Exercise brief: For each record that follows, give it back exactly, with no pictures included.
#### Data in this exercise
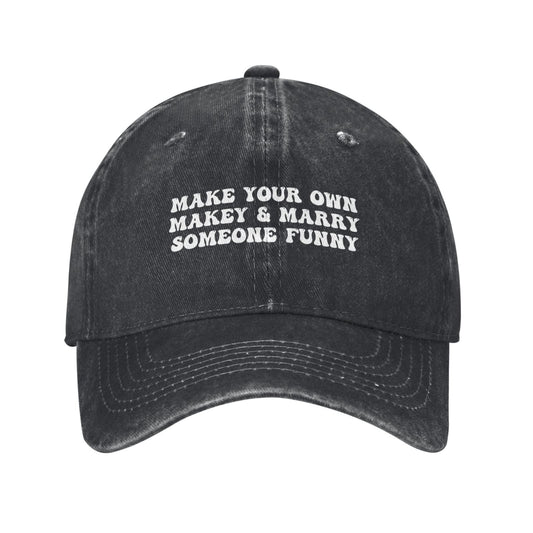 Make Your Own Money & Marry Someone Funny Printed unisex baseball cap outdoor hats adjustable cap trucker gift hat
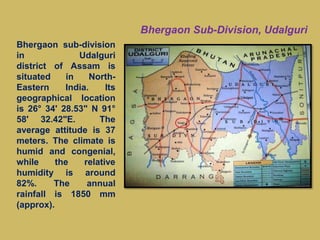 Bhergaon sub-division
in Udalguri
district of Assam is
situated in North-
Eastern India. Its
geographical location
is 26° 34' 28.53" N 91°
58' 32.42"E. The
average attitude is 37
meters. The climate is
humid and congenial,
while the relative
humidity is around
82%. The annual
rainfall is 1850 mm
(approx).
 Bhergaon Sub-Division, Udalguri
 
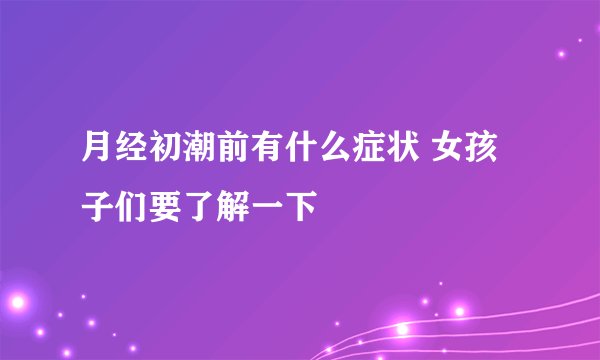 月经初潮前有什么症状 女孩子们要了解一下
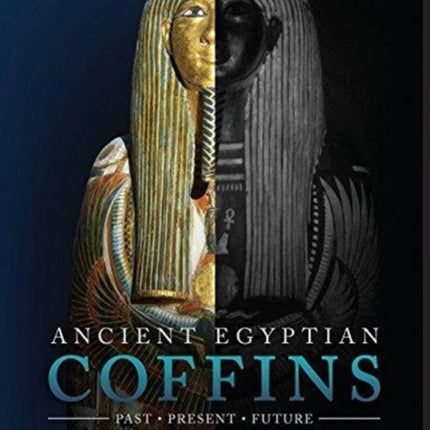 Ancient Egyptian Coffins: Past – Present – Future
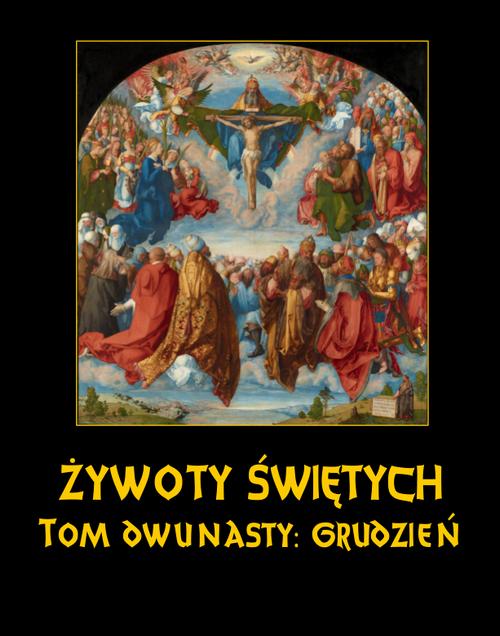 Tytuł: Żywoty Świętych Pańskich. Tom Dwunasty. Grudzień
Autor: Władysław Hozakowski
Wydawnictwo: Armoryka
Formaty: MOBI, EPUB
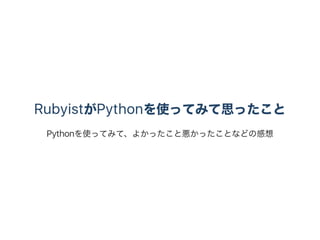 RubyistがPythonを使ってみて思ったこと
Pythonを使ってみて、よかったこと悪かったことなどの感想
 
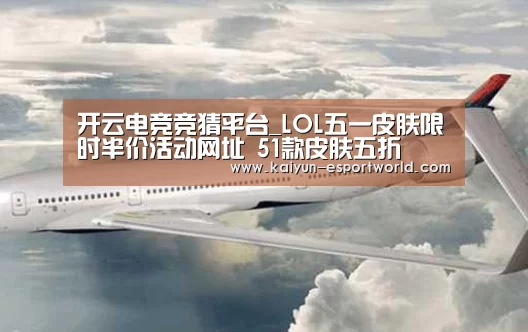 开云电竞竞猜平台_LOL五一皮肤限时半价活动网址 51款皮肤五折(图1) 开云电竞竞猜平台
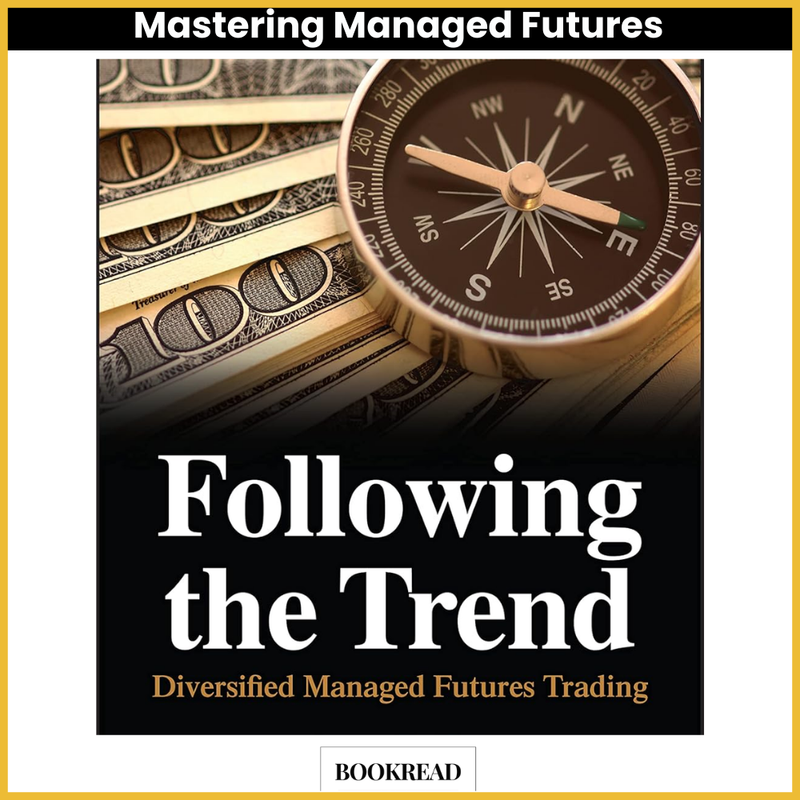 Following the Trend: Diversified Managed Futures Trading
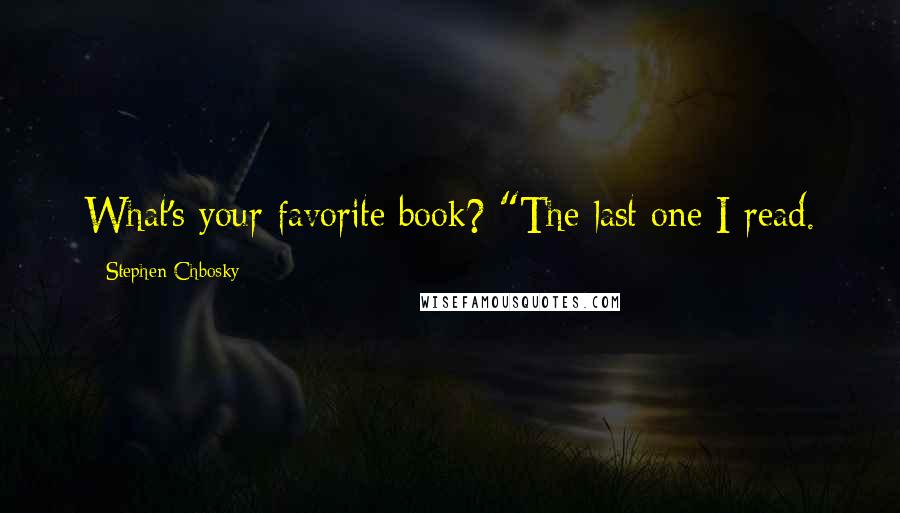 Stephen Chbosky Quotes: What's your favorite book? "The last one I read.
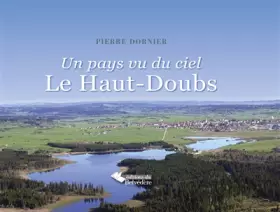 Couverture du produit · Un pays vu du ciel : le Haut-Doubs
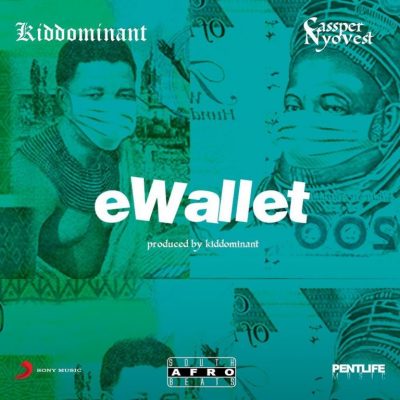 Kiddominant – eWallet feat. Cassper Nyovest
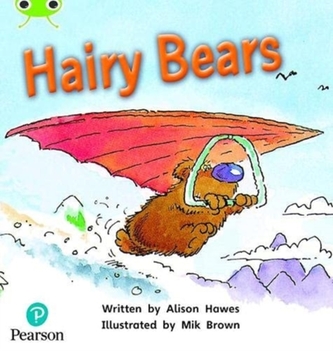 Bug Club Phonics Fiction Year 1 Phase 5 Unit 22 Hairy Bears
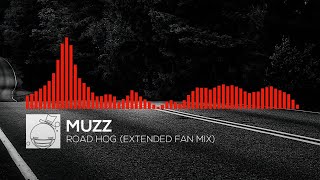 [DNB] - Muzzy - Road Hog Extended (Fan Mix)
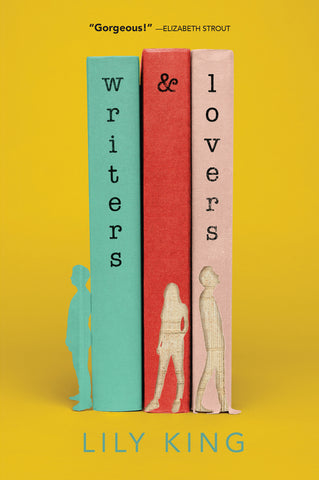 Writers & Lovers : A Novel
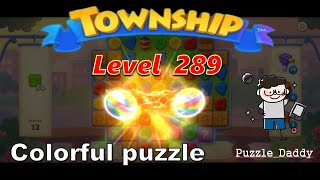 Township ∥ Colorful Puzzle Level 289 ∥ No Boosters_All level clear ∥ #puzzle_daddy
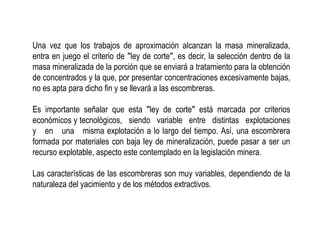 Una vez que los trabajos de aproximación alcanzan la masa mineralizada,
entra en juego el criterio de ʺley de corteʺ, es decir, la selección dentro de la
masa mineralizada de la porción que se enviará a tratamiento para la obtención
de concentrados y la que, por presentar concentraciones excesivamente bajas,
no es apta para dicho fin y se llevará a las escombreras.
Es importante señalar que esta ʺley de corteʺ está marcada por criterios
económicos y tecnológicos, siendo variable entre distintas explotaciones
y en una misma explotación a lo largo del tiempo. Así, una escombrera
formada por materiales con baja ley de mineralización, puede pasar a ser un
recurso explotable, aspecto este contemplado en la legislación minera.
Las características de las escombreras son muy variables, dependiendo de la
naturaleza del yacimiento y de los métodos extractivos.
 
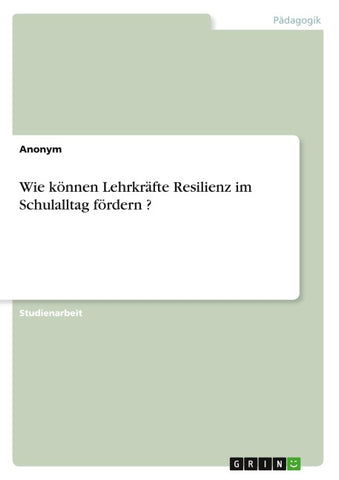 Wie können Lehrkräfte Resilienz im Schulalltag fördern ?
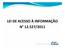 LEI DE ACESSO À INFORMAÇÃO N 12.527/2011 CONTROLADORIA GERAL DO ESTADO
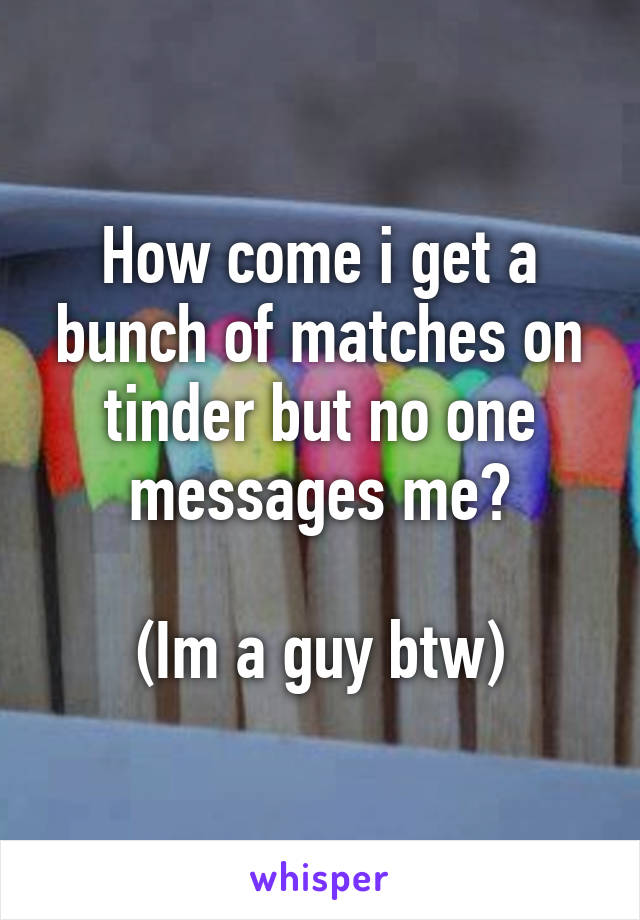 How come i get a bunch of matches on tinder but no one messages me?

(Im a guy btw)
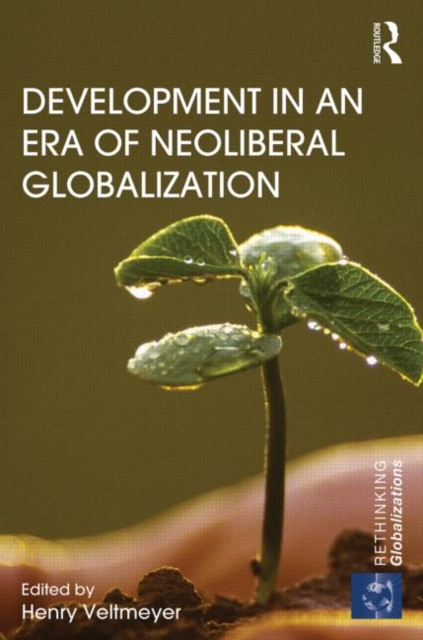 Development in an Era of Neoliberal Globalization, Hardback Book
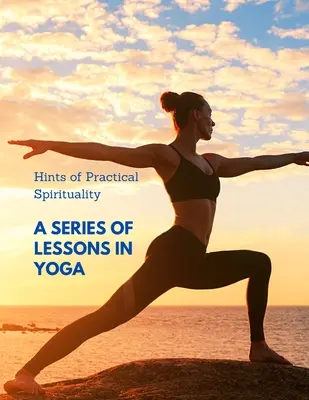 Les 100 meilleures recettes du monde : les recettes les plus appréciées des chefs internationaux Une série de leçons de yoga - Hints of Practical Spirituality: A Series of Lessons in Yoga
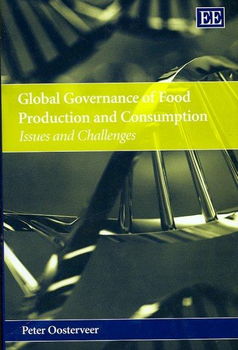 Global Governance of Food Production and Consumptionglobal 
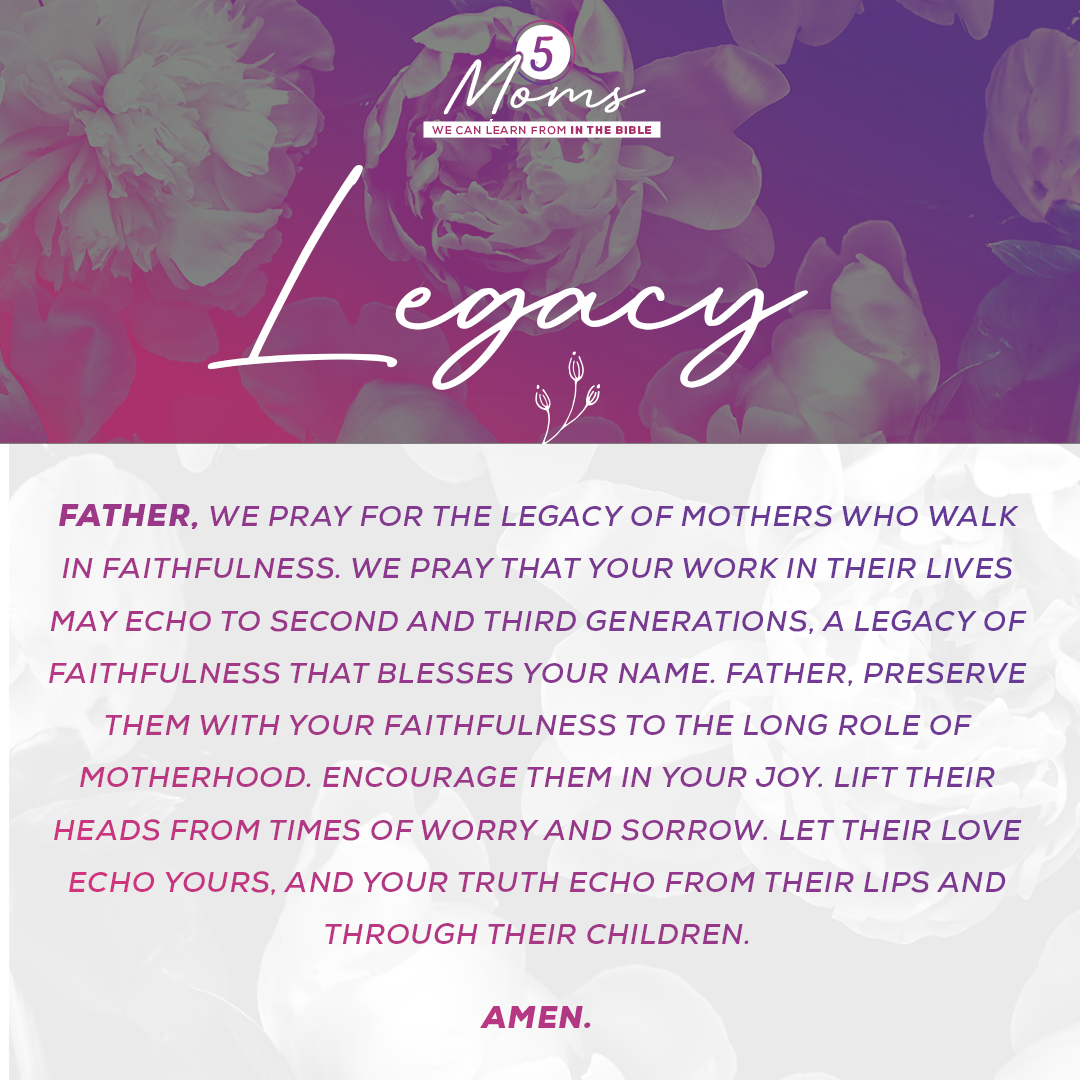 Legacy  Father, we pray for the legacy of mothers who walk in faithfulness. We pray that Your work in their lives may echo to second and third generations, a legacy of faithfulness that blesses Your Name. Father, preserve them with Your faithfulness to the long role of motherhood. Encourage them in Your joy. Lift their heads from times of worry and sorrow. Let their love echo Yours, and Your truth echo from their lips and through their children. Amen. 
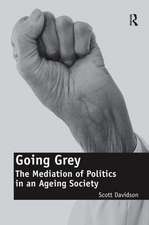 Going Grey: The Mediation of Politics in an Ageing Society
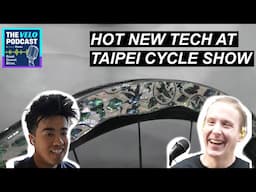Taipei Cycle Show Is Ready for Showtime | Velo Podcast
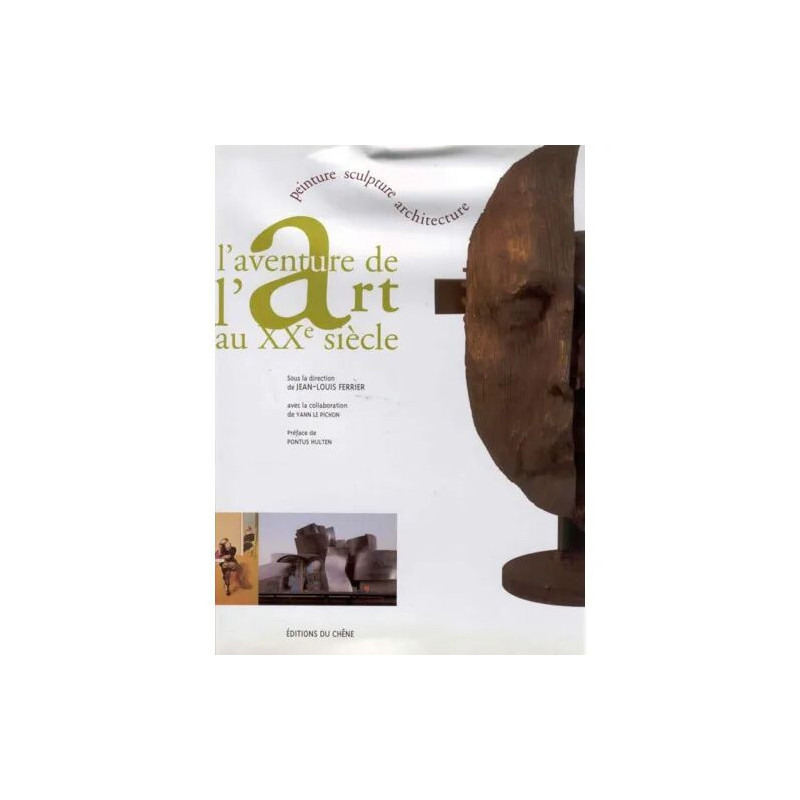L'aventure De L'art Au Xx Siecle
########
Solution to the problem:
 Make Your Own Money & Marry Someone Funny Printed unisex baseball cap outdoor hats adjustable cap trucker gift hat
 Bhergaon sub-division
in Udalguri
district of Assam is
situated in North-
Eastern India. Its
geographical location
is 26° 34' 28.53" N 91°
58' 32.42"E. The
average attitude is 37
meters. The climate is
humid and congenial,
while the relative
humidity is around
82%. The annual
rainfall is 1850 mm
(approx).
 Bhergaon Sub-Division, Udalguri
 
 月经初潮前有什么症状 女孩子们要了解一下
 Ancient Egyptian Coffins: Past – Present – Future
 Tytuł: Żywoty Świętych Pańskich. Tom Dwunasty. Grudzień
Autor: Władysław Hozakowski
Wydawnictwo: Armoryka
Formaty: MOBI, EPUB
 RubyistがPythonを使ってみて思ったこと
Pythonを使ってみて、よかったこと悪かったことなどの感想
 
 开云电竞竞猜平台_LOL五一皮肤限时半价活动网址 51款皮肤五折(图1) 开云电竞竞猜平台
 Following the Trend: Diversified Managed Futures Trading
 Stephen Chbosky Quotes: What's your favorite book? "The last one I read.
 Couverture du produit · Un pays vu du ciel : le Haut-Doubs
 Kiddominant – eWallet feat. Cassper Nyovest
 Bug Club Phonics Fiction Year 1 Phase 5 Unit 22 Hairy Bears
 [DNB] - Muzzy - Road Hog Extended (Fan Mix)
 Writers & Lovers : A Novel
 Township ∥ Colorful Puzzle Level 289 ∥ No Boosters_All level clear ∥ #puzzle_daddy
 Una vez que los trabajos de aproximación alcanzan la masa mineralizada,
entra en juego el criterio de ʺley de corteʺ, es decir, la selección dentro de la
masa mineralizada de la porción que se enviará a tratamiento para la obtención
de concentrados y la que, por presentar concentraciones excesivamente bajas,
no es apta para dicho fin y se llevará a las escombreras.
Es importante señalar que esta ʺley de corteʺ está marcada por criterios
económicos y tecnológicos, siendo variable entre distintas explotaciones
y en una misma explotación a lo largo del tiempo. Así, una escombrera
formada por materiales con baja ley de mineralización, puede pasar a ser un
recurso explotable, aspecto este contemplado en la legislación minera.
Las características de las escombreras son muy variables, dependiendo de la
naturaleza del yacimiento y de los métodos extractivos.
 
 Wie können Lehrkräfte Resilienz im Schulalltag fördern ?
 LEI DE ACESSO À INFORMAÇÃO N 12.527/2011 CONTROLADORIA GERAL DO ESTADO
 How come i get a bunch of matches on tinder but no one messages me?

(Im a guy btw)
 Development in an Era of Neoliberal Globalization, Hardback Book
 Les 100 meilleures recettes du monde : les recettes les plus appréciées des chefs internationaux Une série de leçons de yoga - Hints of Practical Spirituality: A Series of Lessons in Yoga
 Global Governance of Food Production and Consumptionglobal 
 Legacy  Father, we pray for the legacy of mothers who walk in faithfulness. We pray that Your work in their lives may echo to second and third generations, a legacy of faithfulness that blesses Your Name. Father, preserve them with Your faithfulness to the long role of motherhood. Encourage them in Your joy. Lift their heads from times of worry and sorrow. Let their love echo Yours, and Your truth echo from their lips and through their children. Amen. 
 Going Grey: The Mediation of Politics in an Ageing Society
Taipei Cycle Show Is Ready for Showtime | Velo Podcast
L'aventure De L'art Au Xx Siecle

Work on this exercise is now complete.